In their efforts to hold financial institutions accountable after the 2007 financial crisis, U.S. regulators have repeatedly turned to anti-money-laundering laws. Initially designed to fight drug cartels and terrorists, these laws have recently yielded billion-dollar fines for all types of bank engagement in fraud and have spurred an overhaul of financial institutions’ internal compliance. This increased reliance on anti-money-laundering laws, we argue, is due to distinct features that can better help regulators gain insights into financial fraud. Most other financial laws enlist private firms as gatekeepers and hold them liable if they knowingly or negligently engage in client fraud. Yet, as long as gatekeepers maintain deniability, they can accommodate dubious client requests.
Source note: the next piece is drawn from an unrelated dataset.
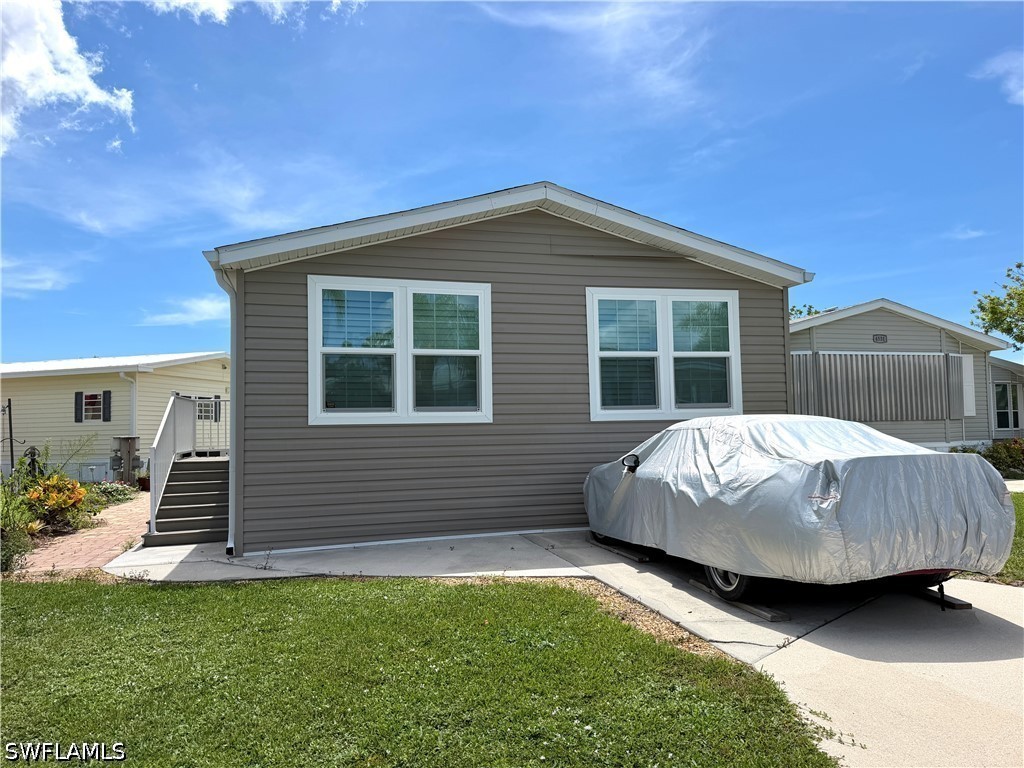 4521 Sawmill Drive E, Estero, FL 33928 — photo 2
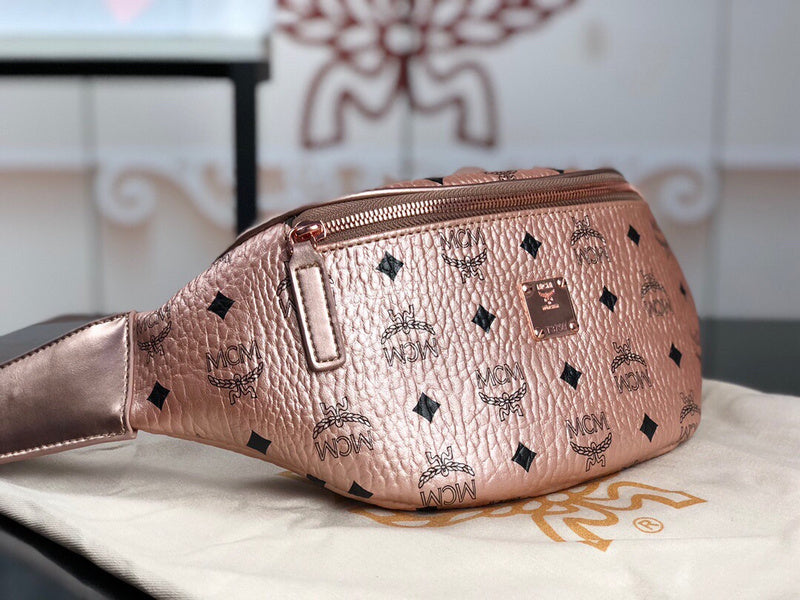 COZY BAGS - MQM Bags - 194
Instead, anti-money-laundering laws require gatekeepers to report to regulators suspicions of misconduct, even without clear proof of fraud. Because suspicions arise early in the gatekeeper–client relationship, conflicts of interest are not likely to be as strong. Moreover, the task of identifying suspicious cases can be more readily outsourced to compliance departments, lessening dependence on front-line employees whose future might be tied to specific clients. Finally, suspicions may arise even in gatekeepers who only have partial access to clients’ transactions and, thus, cannot come to full knowledge of the fraud.

Inspired by the collaborative relationship between gatekeepers and enforcement authorities in anti-money laundering, we develop a theoretical framework that explains why this approach could operate as a general template for financial regulation. We then investigate the implementation of the collaborative model in practice. Starting from anti-money-laundering laws’ history, we present new evidence from recently released archival materials to illustrate that, rather than fighting proposals for expanding their regulatory obligations, private industry embraced them. Turning to the present, we discuss how the collaborative model has reshaped banking oversight in money laundering: It has leveraged the power of big data, encouraged the creation of dedicated compliance departments, and spearheaded one of the biggest inter-agency collaborations in the United States. Finally, we discuss how the collaborative model could work in the future in two other areas of financial activity: broker-dealer regulation and equity issuance.